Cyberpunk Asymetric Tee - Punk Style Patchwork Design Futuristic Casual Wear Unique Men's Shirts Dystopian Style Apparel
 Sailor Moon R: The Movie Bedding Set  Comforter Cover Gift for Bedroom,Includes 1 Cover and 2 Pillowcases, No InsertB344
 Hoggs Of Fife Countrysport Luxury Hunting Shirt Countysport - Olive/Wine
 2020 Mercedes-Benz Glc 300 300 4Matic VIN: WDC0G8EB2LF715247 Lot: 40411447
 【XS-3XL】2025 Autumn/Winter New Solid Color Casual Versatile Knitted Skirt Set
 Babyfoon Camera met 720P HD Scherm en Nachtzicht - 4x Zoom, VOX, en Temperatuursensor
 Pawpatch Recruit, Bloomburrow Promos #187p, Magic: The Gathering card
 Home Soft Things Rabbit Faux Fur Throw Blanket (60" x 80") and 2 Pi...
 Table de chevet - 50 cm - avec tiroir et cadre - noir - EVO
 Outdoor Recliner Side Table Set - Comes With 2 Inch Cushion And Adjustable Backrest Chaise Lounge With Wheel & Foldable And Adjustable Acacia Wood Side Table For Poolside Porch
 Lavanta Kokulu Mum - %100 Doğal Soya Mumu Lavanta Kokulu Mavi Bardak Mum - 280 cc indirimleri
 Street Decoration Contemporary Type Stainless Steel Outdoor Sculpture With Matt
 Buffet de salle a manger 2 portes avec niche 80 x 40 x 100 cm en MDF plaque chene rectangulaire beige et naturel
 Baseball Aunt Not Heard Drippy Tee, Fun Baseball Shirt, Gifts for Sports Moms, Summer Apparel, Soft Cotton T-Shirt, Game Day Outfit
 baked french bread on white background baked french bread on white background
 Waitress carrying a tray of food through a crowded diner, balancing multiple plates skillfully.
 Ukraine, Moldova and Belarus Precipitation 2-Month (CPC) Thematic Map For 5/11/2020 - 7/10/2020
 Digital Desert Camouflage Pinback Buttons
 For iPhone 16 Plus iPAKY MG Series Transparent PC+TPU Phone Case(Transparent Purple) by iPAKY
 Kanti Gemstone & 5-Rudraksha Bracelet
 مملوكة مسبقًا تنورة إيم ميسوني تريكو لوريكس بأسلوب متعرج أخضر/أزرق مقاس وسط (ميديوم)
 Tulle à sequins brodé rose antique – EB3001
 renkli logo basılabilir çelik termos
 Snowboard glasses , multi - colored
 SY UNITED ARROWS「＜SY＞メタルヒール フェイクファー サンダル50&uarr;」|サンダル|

* Task goal *
Each of the lines from the one that contains "Tulle à sequins brodé rose antique – EB3001" through the last line of the data needs to be repeated exactly, with no others.

* Solved exercise *
 Tulle à sequins brodé rose antique – EB3001
 renkli logo basılabilir çelik termos
 Snowboard glasses , multi - colored
 SY UNITED ARROWS「＜SY＞メタルヒール フェイクファー サンダル50&uarr;」|サンダル|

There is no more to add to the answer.